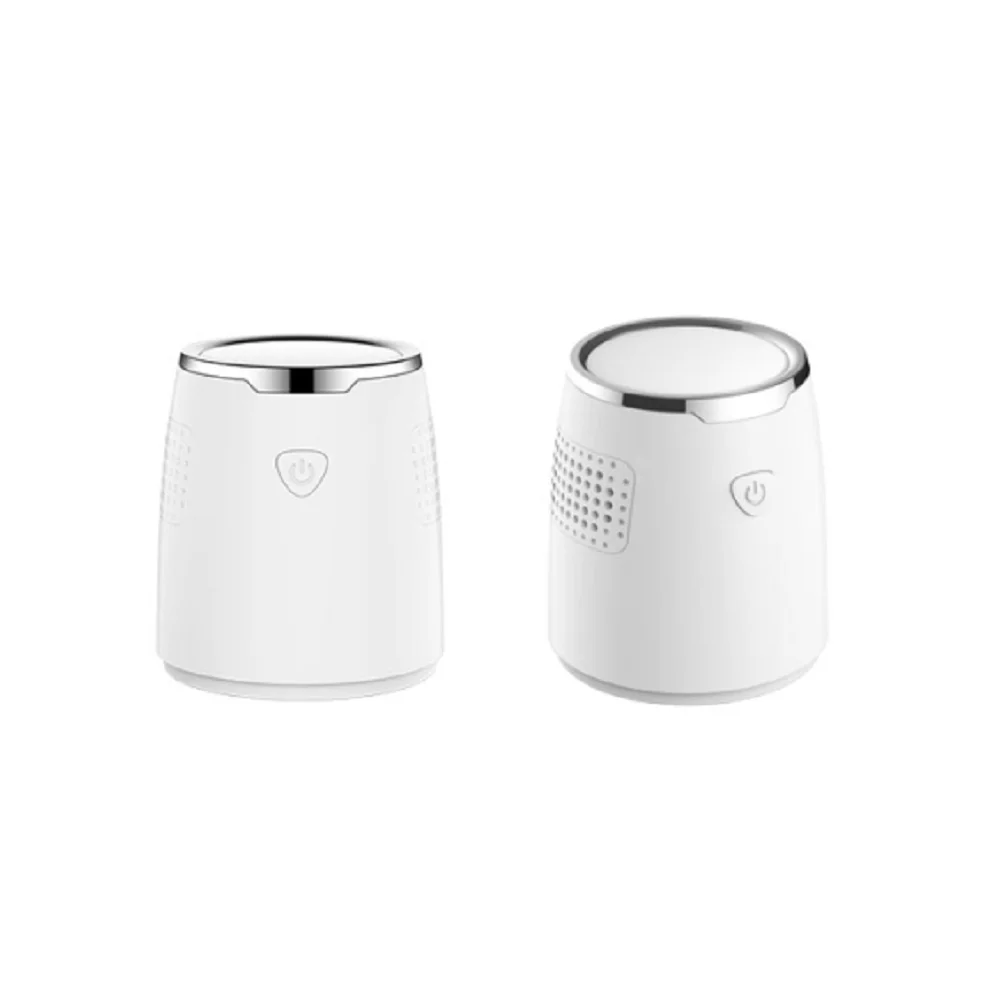 
Portable Disinfect Generator Mini Ozonizer Air Purifier Ozone generator Air deodorization sterilizer 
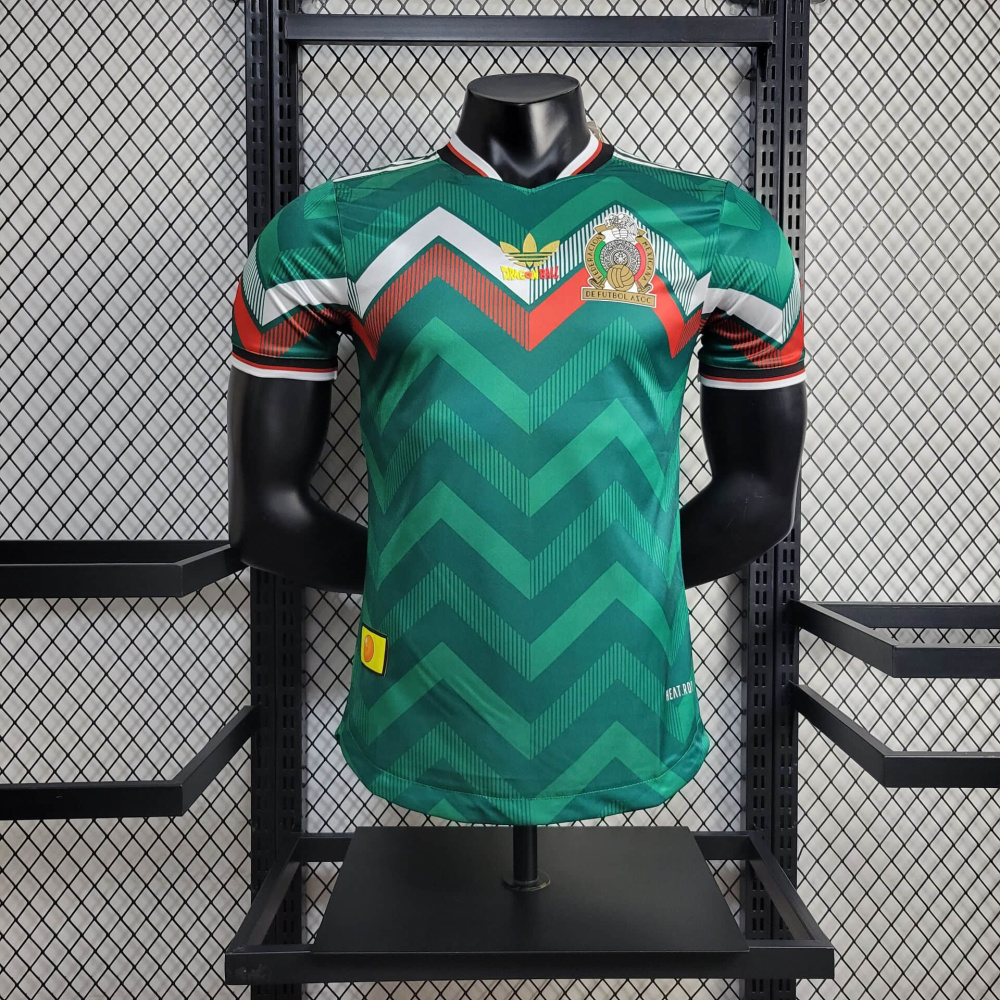 24/25 player Mexico Special edition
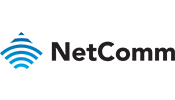 NetComm Wireless Logo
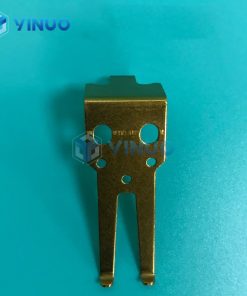 EASA wave solder fingers L shape . Double Hook Titanium Claws.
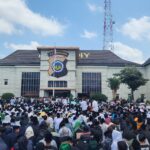 Solidaritas Santri Yogyakarta Serukan Jogja Anti Miras, Tuntut Pelaku Penusukan Segera Diadili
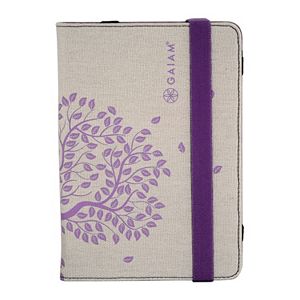 Gaiam iPad mini Multi-Tilt Folio Case
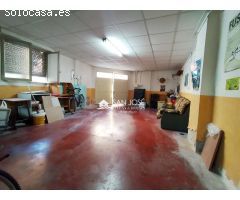 SE VENDE LOCAL COMERCIAL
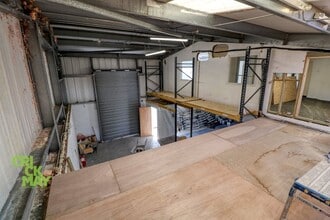 Henfield Business Park, Henfield to rent Interior Photo- Image 2 of 3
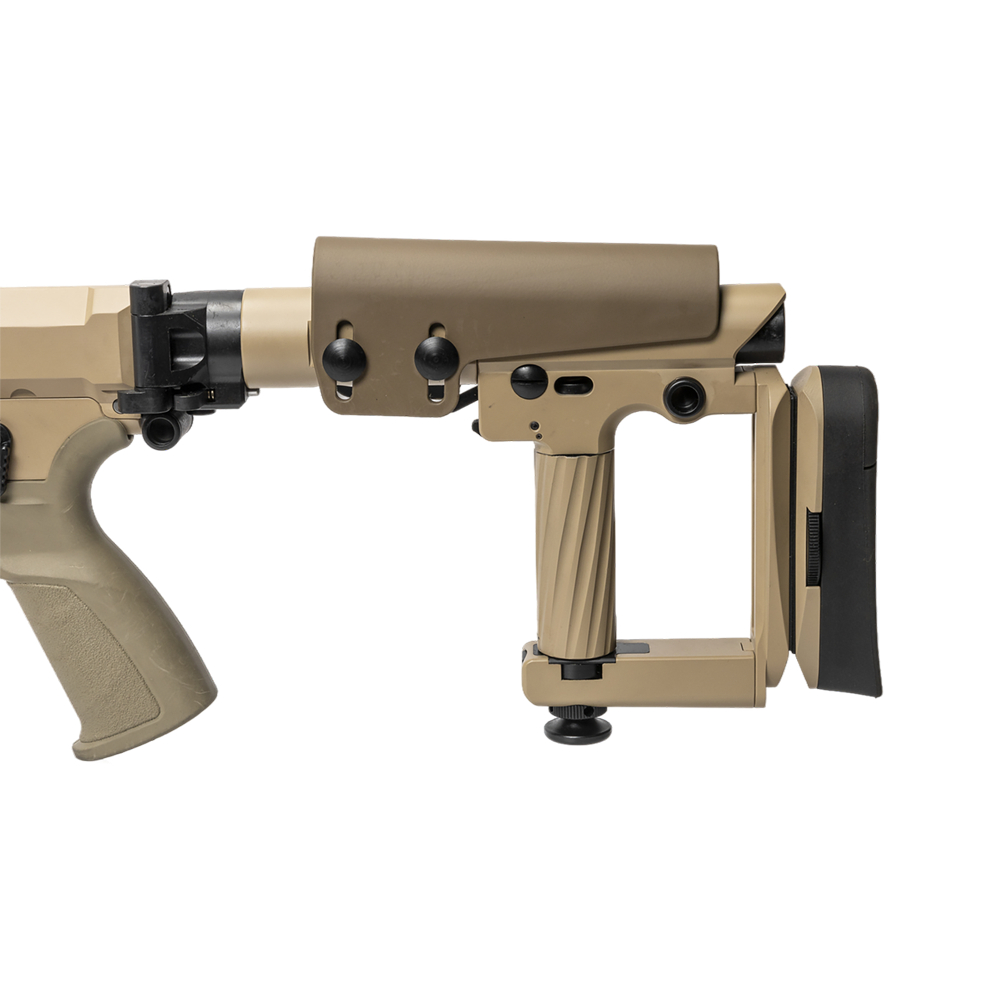 Карабин ASR 308Win Desert Sand ствол 61 см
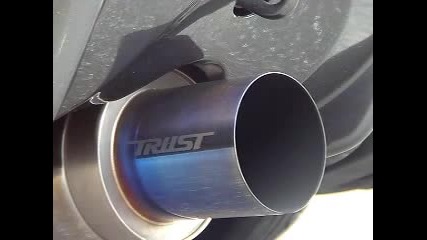 Trust Power Extreme Ti 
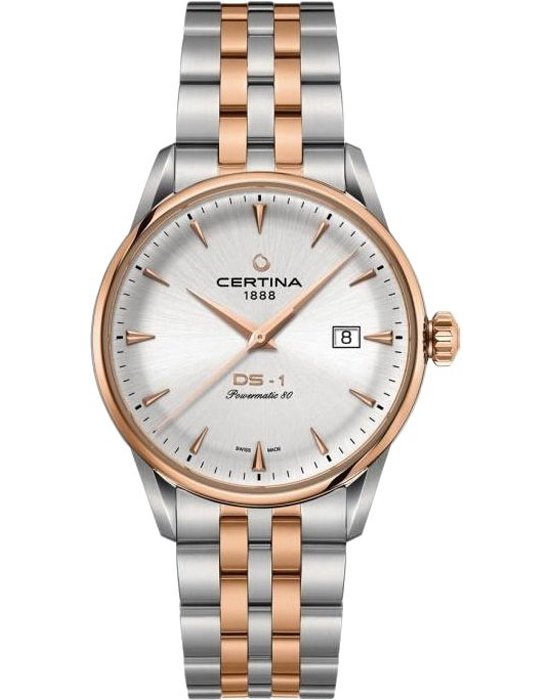 Certina C029.807.22.031.00 Certina C029.807.22.031.00
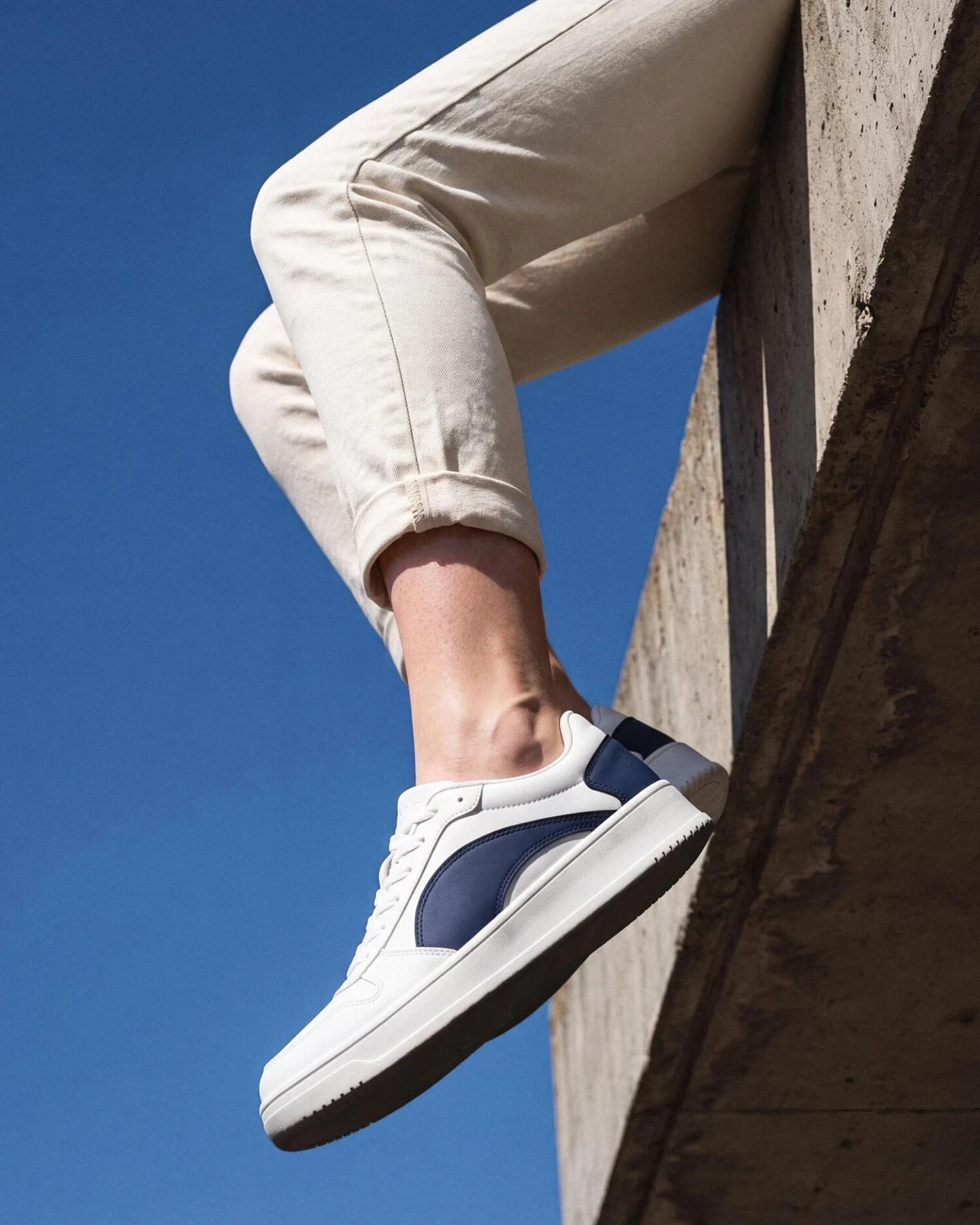 nae Vegan Shoes Sneaker low DOKA – Ansicht 6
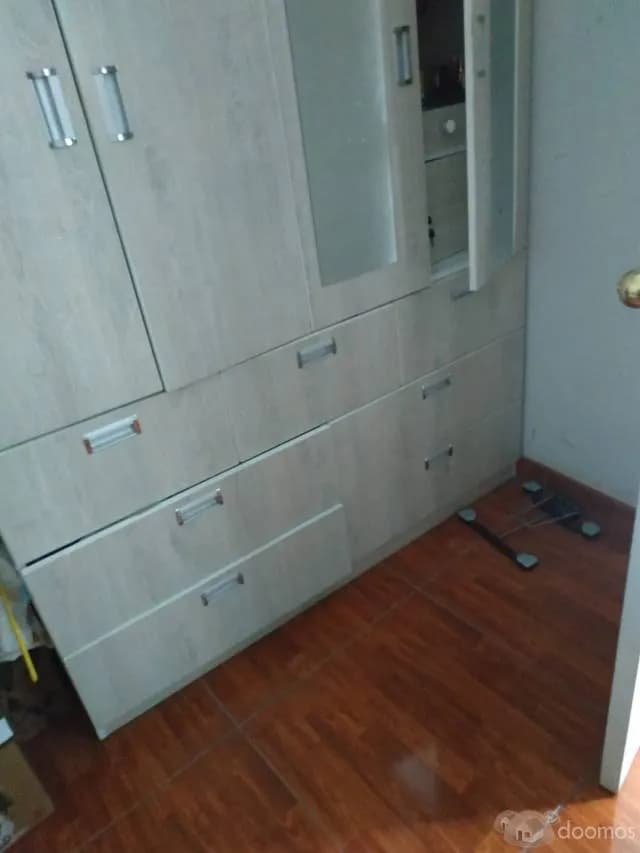 vendo casa de 1 piso con planos de 2 dptos por piso — foto 4
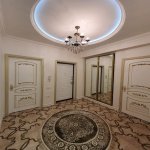 Kirayə (aylıq) 3 otaqlı Yeni Tikili, Gənclik metrosu, Nərimanov rayonu 1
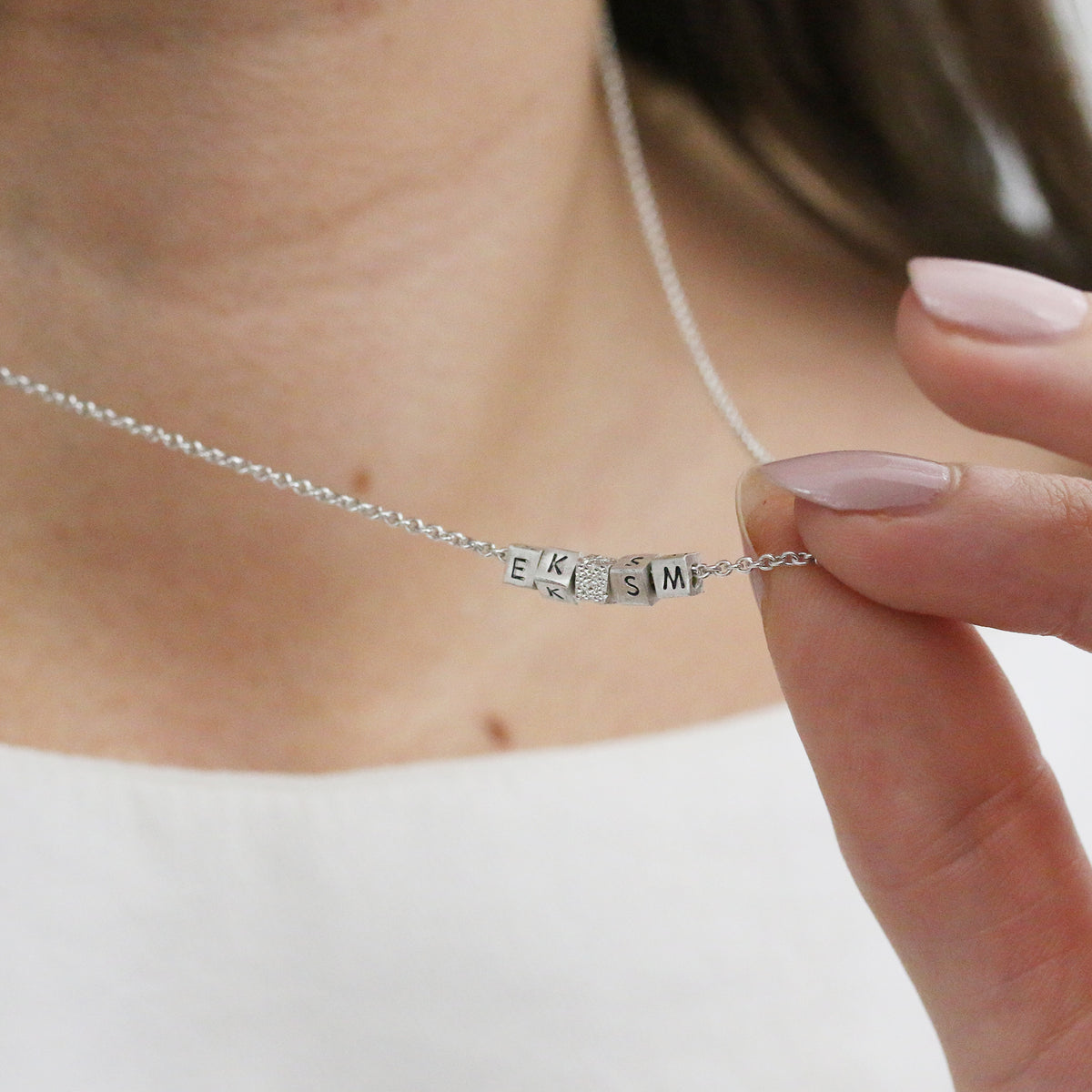 ELEMENT NECKLACE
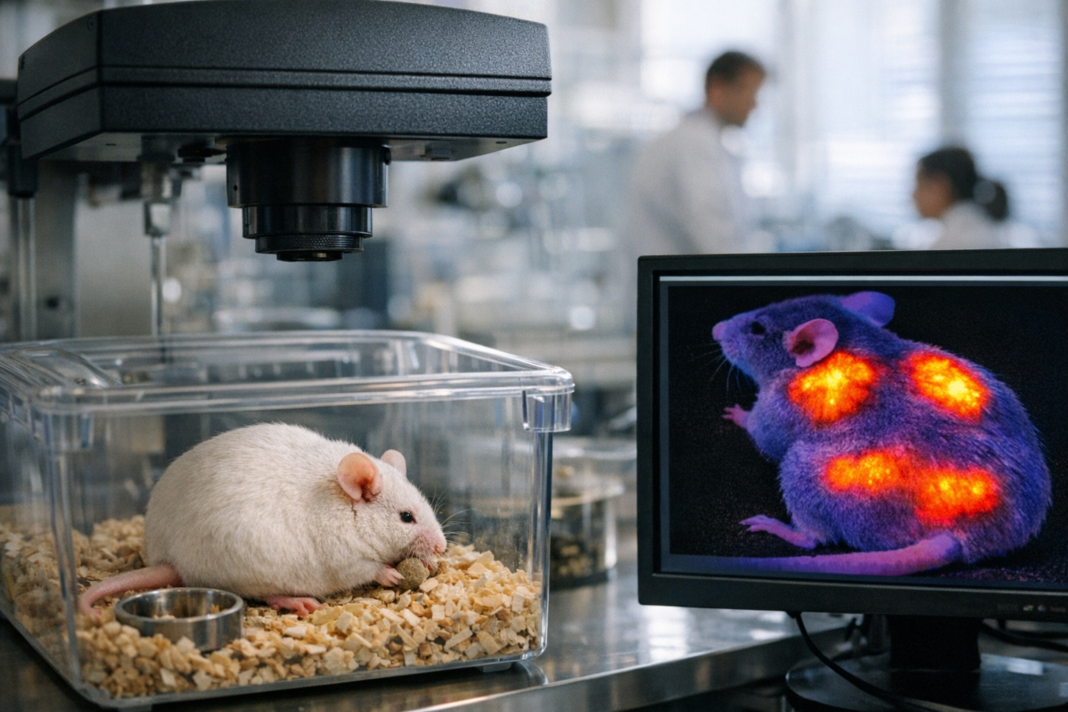 Tirzepatide drugs activate brown fat in obese mice, suggesting new metabolic pathway Tirzepatide drugs activate brown fat in obese mice, suggesting new metabolic pathway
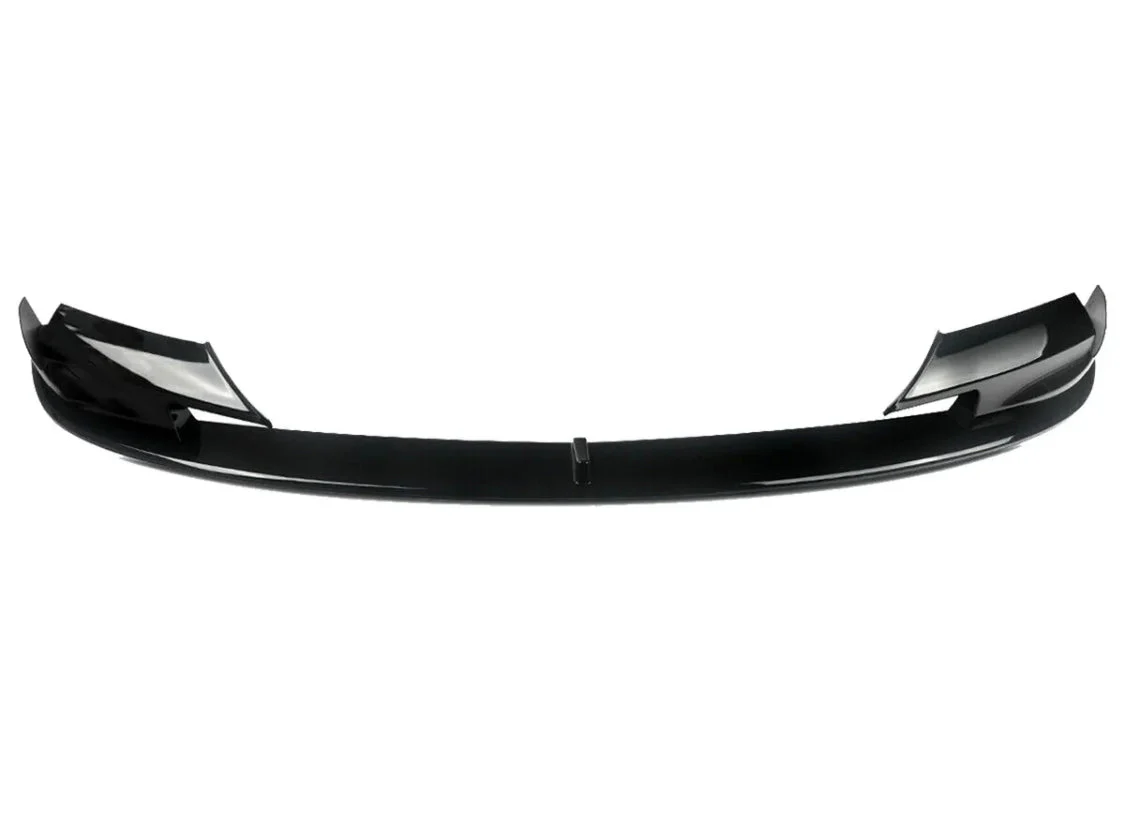 Full Body Kit - Fits BMW 5 Series F10 - M Performance - Gloss Black - Image 3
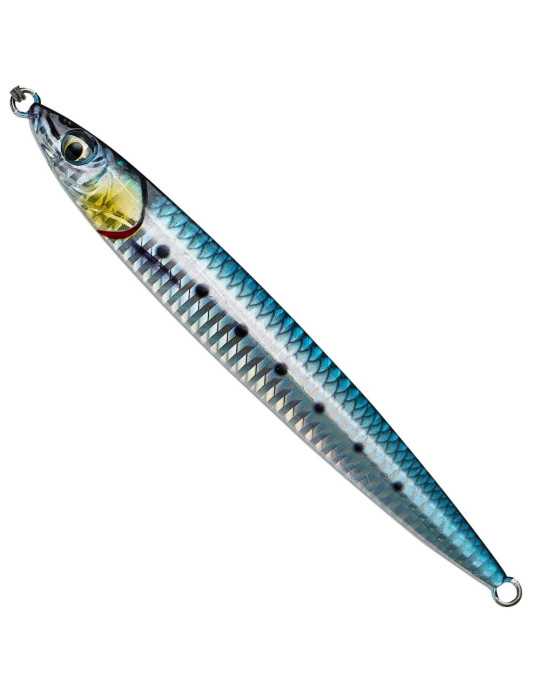 3D Slim JIG Minnow 150G Sardine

* [WHAT YOU WILL DO]:
Starting at the line above that holds "ELEMENT NECKLACE", repeat every line exactly down to and including the line that holds "Full Body Kit", then stop. Do not carry over any pictures.

* [SOLUTION TO THIS EXERCISE]:
 ELEMENT NECKLACE
 Tirzepatide drugs activate brown fat in obese mice, suggesting new metabolic pathway Tirzepatide drugs activate brown fat in obese mice, suggesting new metabolic pathway
 Full Body Kit - Fits BMW 5 Series F10 - M Performance - Gloss Black - Image 3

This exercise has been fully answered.